Resolutions for Mathematics Teachers

Everywhere I look I see references to Back to School (there were signs in the shops before we even finished term!) and I know many of you are already back or about to begin term so I thought I’d post my updated ‘Resolutions for Mathematics Teachers’ earlier than originally planned.

All links have been checked and updated where necessary; in many cases the posts linked to have also been checked and updated with new additions.
To highlight some updates:
On gritty students, I have updated the blog post with a video where you can hear Carol Dweck talking about teachers and coaches developing a growth mindset in their students in an interview with Basketball School. Carol Dweck made a couple of points that struck me in particular, for teachers to develop a growth mindset in their students they need to develop their own growth mindset; do we ever judge our students too quickly? Also, such a useful reminder that we may sometimes worry too much about ‘teaching to the test’ when we just need to remember that ‘The outcomes are natural byproducts of engaging in good practice’.
Negative numbers
A new reference to coding has been added. I recently came across CodeMonkey (a subject I will return too in later posts) which is a superb site for teaching coding and is easy to use for students of all ages. I have previously written about Scratch which also offers us the chance to get some coding into our Maths lessons. There are many topics where we can use a little coding including polygons and making the monkey walk about in all directions it struck me that this would be great for directed numbers!
I always try to use resources in class that interested students can then use themselves at home, hence the addition of the reference to Calculators and tools. When one of my very good students last year marched into the lesson and announced that she know the text answer was wrong because she had checked it on WolframAlpha I saw the impact of this strategy. She had been working on a problem and was confident in her methods but the text answer had a typo so she turned to WolframAlpha to check. There are so many excellent tools out there for students to explore and check their work, this can encourage their independence in learning.

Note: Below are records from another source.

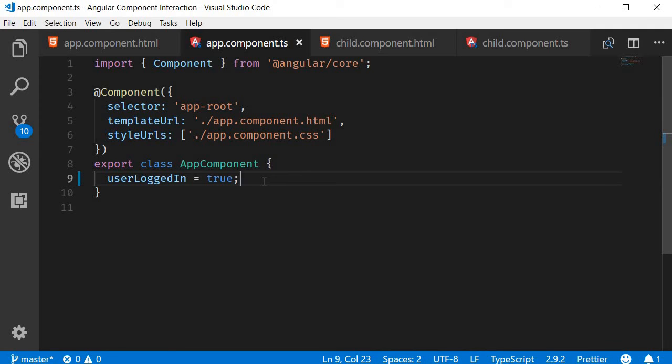Alright guys, in this video let's see how to access a child component's properties and methods in a parent component class using the ViewChild decorator. Earlier in this course we have seen how to access a DOM element in the template using the ViewChild decorator.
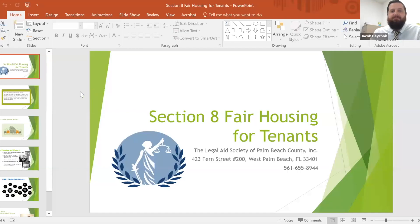Good evening, everybody. Thank you for joining us. I want to welcome you to this Section 8 Fair Housing Presentation for Tenants. This is being put on by the Legal Aid Society of Palm Beach County. We will be joined by Jay Roulet of Section8Consulting.com.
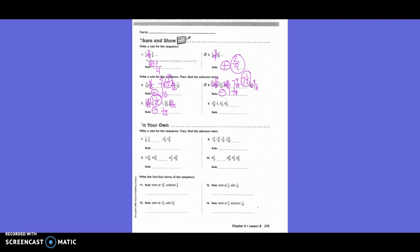Final problem: we go from two and three-fourths, to some term, to five and one-fourth, to six and one-half. Are we increasing or decreasing? Increasing. Common denominator is four. Six and one-half is six and two-fourths. We're going up by one and one-fourth. So six and two-fourths plus one and one-fourth is seven and three-fourths.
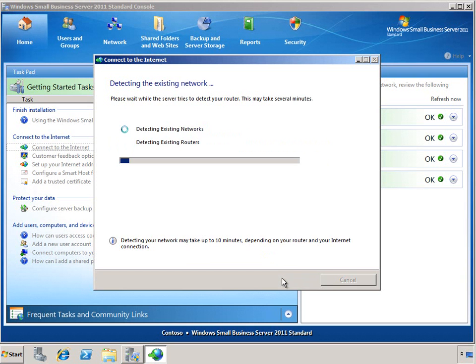The first thing the wizard will do is query your network, trying to find the router and your IP address. It will scan the private IP address networks looking for your router.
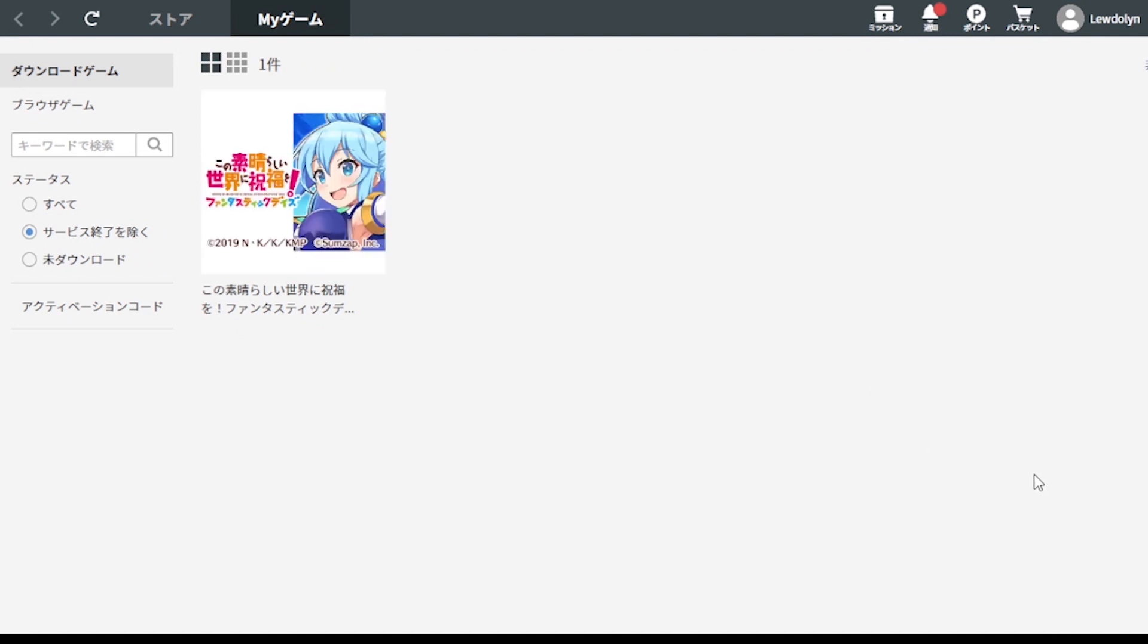The only issue is sometimes, you know, since it's VPN, you will have to click, you know, retry on the game. So, there's that. And, you know, that's basically it.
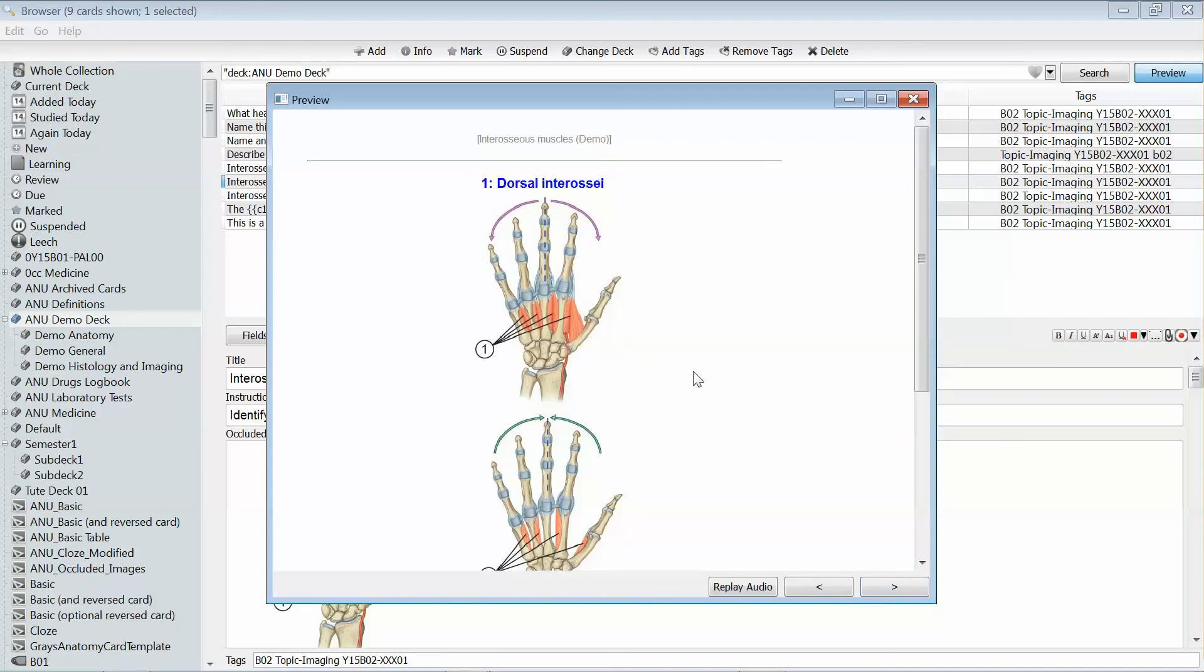That can be really useful for focusing on items that you're not so great at remembering. What it will do is for the items that you're doing quite well at, it's going to push them way into the future. So you're not likely to see those cards very frequently. Instead, what you'll see is the cards you're having trouble remembering.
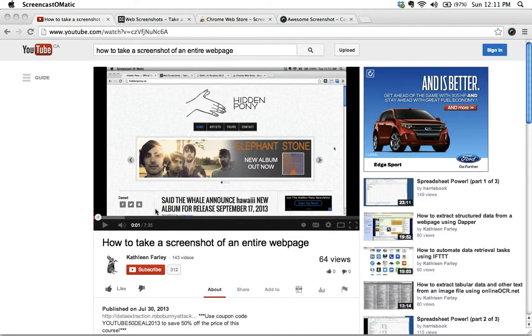Hey there, welcome back. It's Kathleen from robobunnyattack.com with an update to my how to take a screenshot of an entire web page screencast.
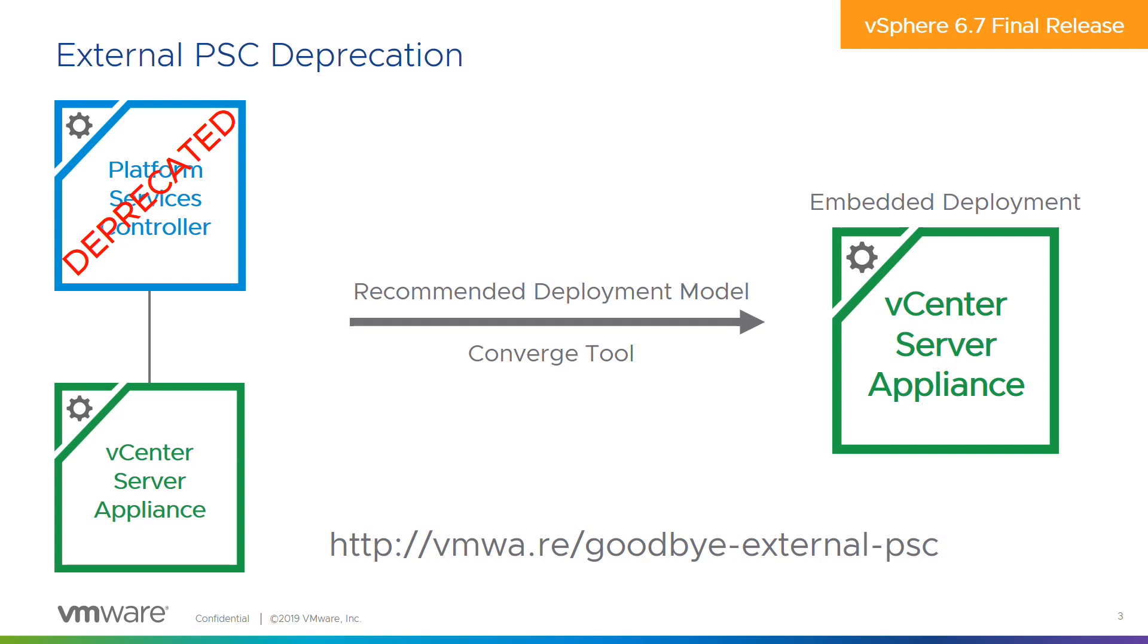We've also talked about the deprecation of the external platform services controller. Don't worry if you still are running the external platform services controller in your environment. We have this vCenter Server Converge tool that will migrate you from an external PSC deployment to an embedded PSC deployment.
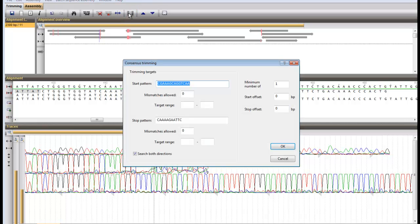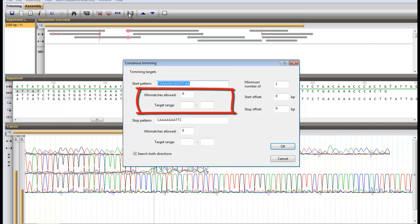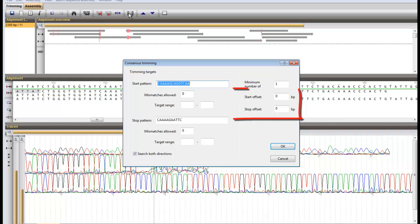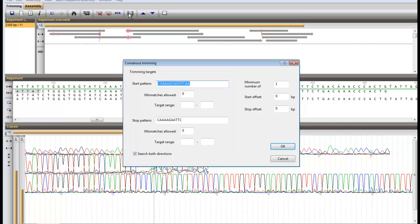You have a choice to allow mismatches and specify a target range in which the trimming site should be found. The number stated in the offset boxes indicates the amount of base pairs to be trimmed off the target.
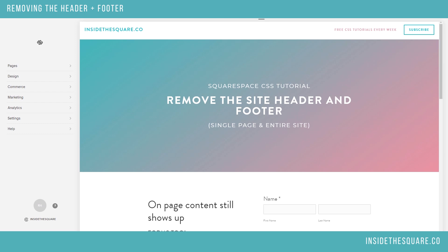For today's tutorial, I wanted to show you how to remove the header and footer from your entire website, or just from a single page. I see a lot of people do this when they want to create a landing page that doesn't have their main navigation but has more flexibility than a cover page.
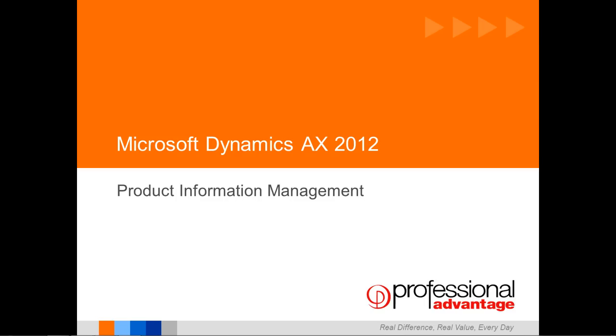Hi, my name is Tim O'Brien. Welcome to this introduction to the product information management functionality within Microsoft Dynamics AX 2012.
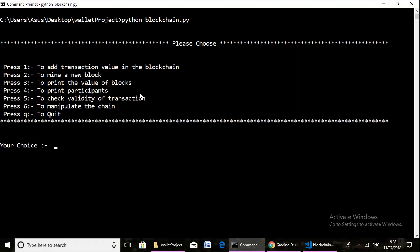First, this project is concentrated upon a single user, that is Kunal. And second, in the sixth option to manipulate the blockchain, this option will print an invalid message as blockchain is an immutable ledger of transactions and cannot be manipulated.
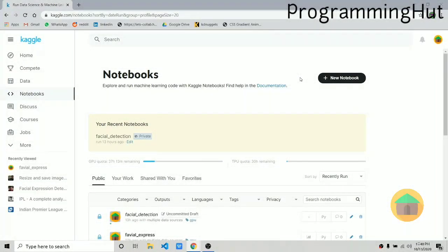Hello everybody, welcome back. Today we are going to create a facial expression detection model using the facial expression dataset. I'm going to use Kaggle for this purpose, as my laptop is not going to handle running or creating this model locally. You can run this on your laptop if you want — it's all up to you.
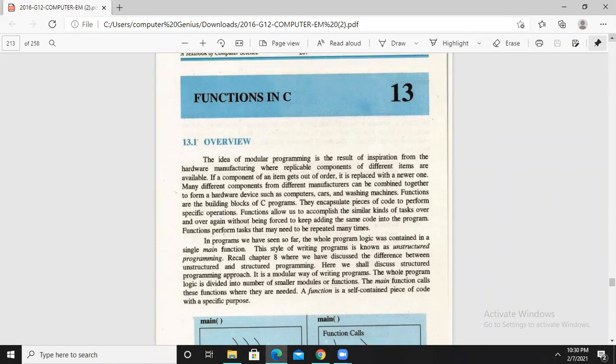Today we will start chapter number 3: Functions in C. This is a very important term and a very important topic in C programming. If you go to different programming courses, you will realize that this is a very important concept which will be implemented and used.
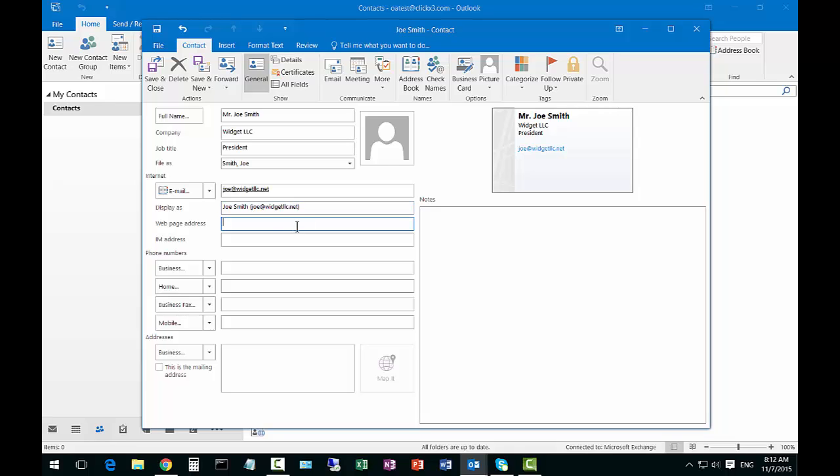Now if they have any kind of web page address, if they happen to have a website we can go ahead and type that in there. If they have an instant messaging address we can put that there as well.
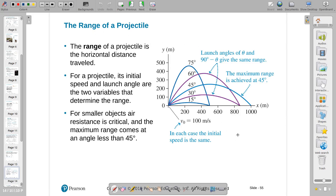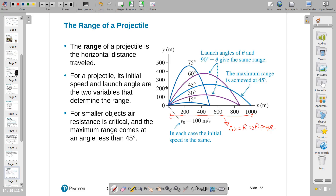Some properties: the range is defined as the distance the object travels along x — delta x, also called range. If you throw something at 45 degrees, it will have the largest range. If you throw an object at an angle and another at the complementary angle — for example 60 and 30, or 75 and 15 — they will have the same range.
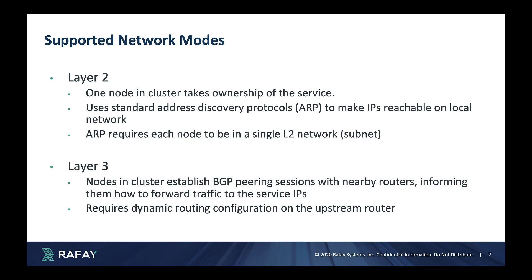Metal LB supports two network modes. In the layer 2 mode, one node in the cluster takes ownership of the service. It uses standard address discovery protocols such as ARP to make IPs reachable on the local network. The use of ARP requires each node to be in a single layer 2 network, aka subnet.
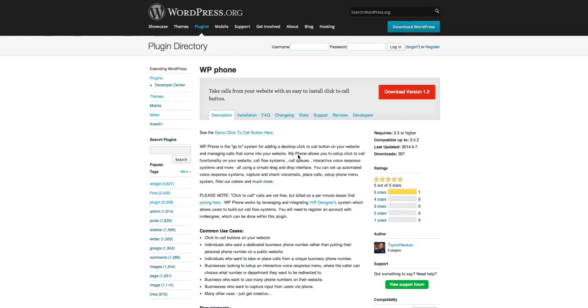Hey guys, Taylor here. I wanted to quickly show off WP Phone and some of its functionality and some cool new features that we've added.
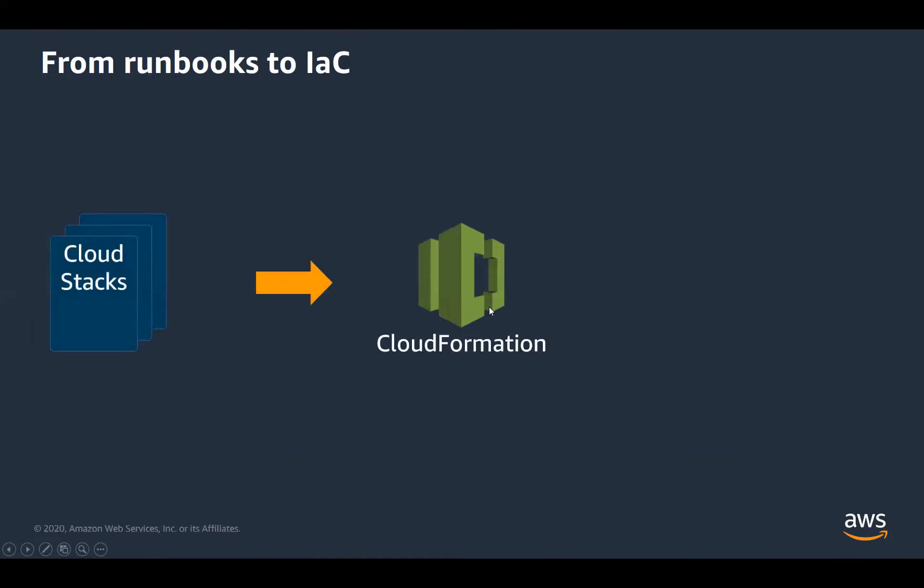So from there, we went on to the cloud stacks. And this same issue was present, we had runbooks, but again, they had the same flaws, they became even longer, they become even more complex, especially when the readers probably aren't familiar with the cloud platform, there's quite a lot of opportunities for things to go wrong. So that's when we looked at a way of automating our cloud stacks.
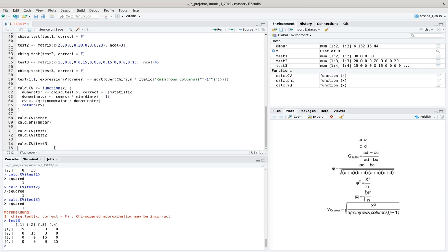Now we have learned three different measurements of association: the simplest is Yule's Q, then phi, and finally Cramer's V — which extends phi to tables larger than 2×2 by accounting for degrees of freedom. With these tools you can measure how strong the association between your variables is. Next time we will talk about Fisher's exact test, which applies when we have too few cases (e.g., n < 50) or when expected values fall below five — situations that rule out the chi-square test.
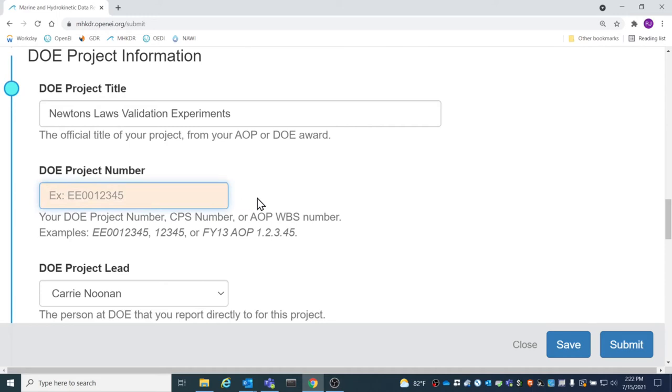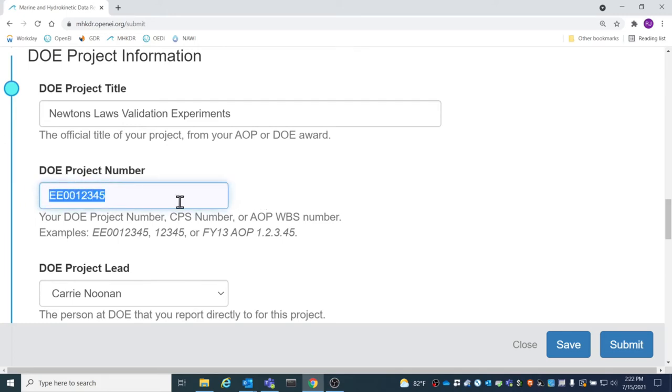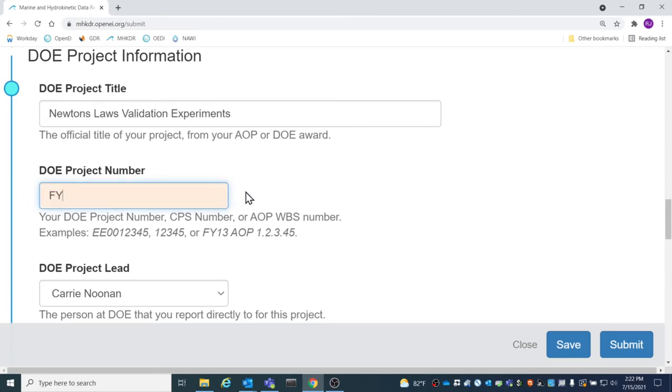The DOE Project Number is the number that identifies your DOE project. This can be a DOE project number, a CPS number, or an AOP WBS number.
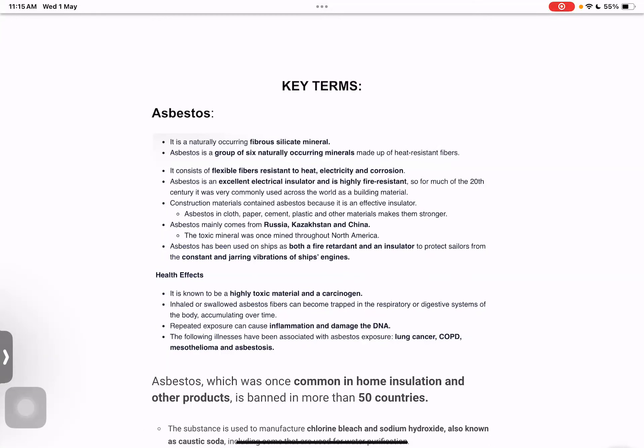Asbestos is carcinogenic, meaning it increases cancer risk. When it has small fibers that enter our respiratory organs or nervous system, the chances of cancer increase. It is fire retardant, an insulator, and is used in the shipping industry — in engines and to manage vibration in ships.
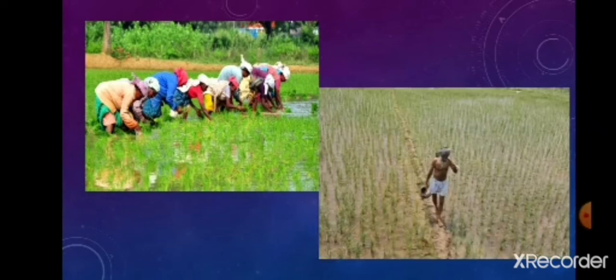What are the people doing in this picture? Yes, they are working in the field on a farm. Look at their clothes. People who work in the field use short clothes because if they wear long clothes they will get wet.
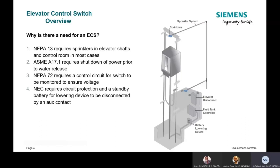After a certain time, the power will then turn off to the elevator via the shunt trip on the elevator control switch. Lastly, once there's confirmation that there's no power to the elevator, the fire alarm panel will then send a signal to the sprinkler system to turn on to extinguish the fire.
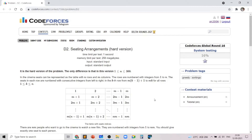Hello everyone. In this video I will go over my solution to the problem named 'Seating Arrangements'. This problem is the hard version of problem D from today's global round, and it is an excellent problem.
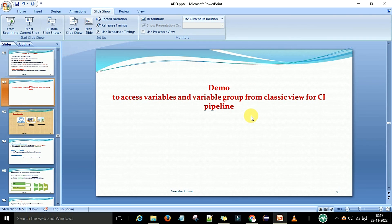So that is how you can access the variables and the variable group from the classic view for the CI/CD pipelines. In the next video, we will see what are the types of variables and what is the difference between the different types of variables.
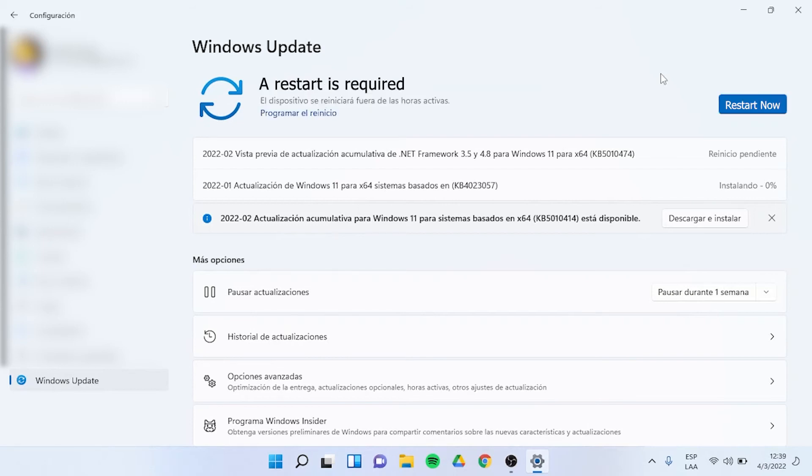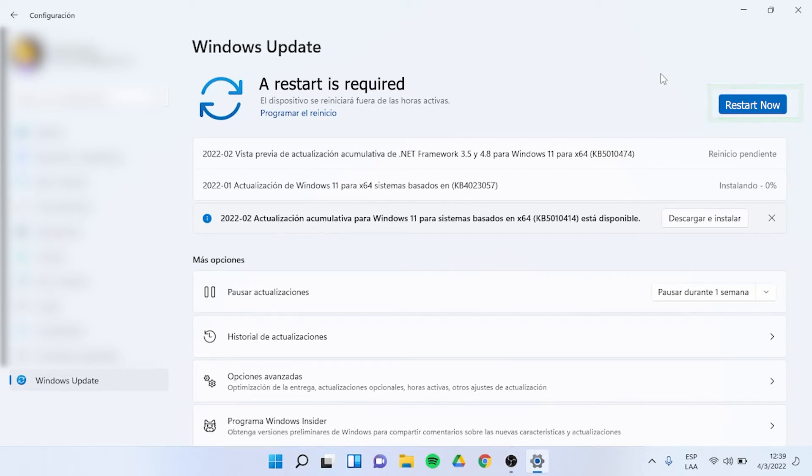Once the updates are installed, you must restart your computer by clicking Restart Now to complete the process of actualization. And that's it, you will have to wait for your PC to restart.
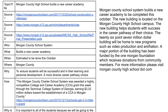Here is the script I wrote: 'Morgan County School System builds a new career academy, to be completed this October. The new building is located on Morgan County High School campus. The new building helps students with success in their career pathway of their choice. The 26.7 million dollar building will be home to new programs such as video production and animation — wonder why that's in there. A major portion of the building has been funded by the One Morgan Foundation, which receives donations from community members.'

A reference to ending lessons well has been added as I recently created a new slideshow on the subject.
My post on feedback was updated recently including the need to allow time to respond to feedback.
I learn much from reading various blogs and tweets and about teaching generally not just Mathematics, the reading pages here have been updated to include some favourite blogs on learning and teaching relevant for teachers of any subject. On the subject of reading, have a look at the addition of Nix the Tricks to the Free Books page.
If you have just returned or are about to return to school then I wish you a brilliant year. If you are still on holiday I hope you are having a well deserved rest…but maybe there are a few useful thoughts here for you when your thought return to school!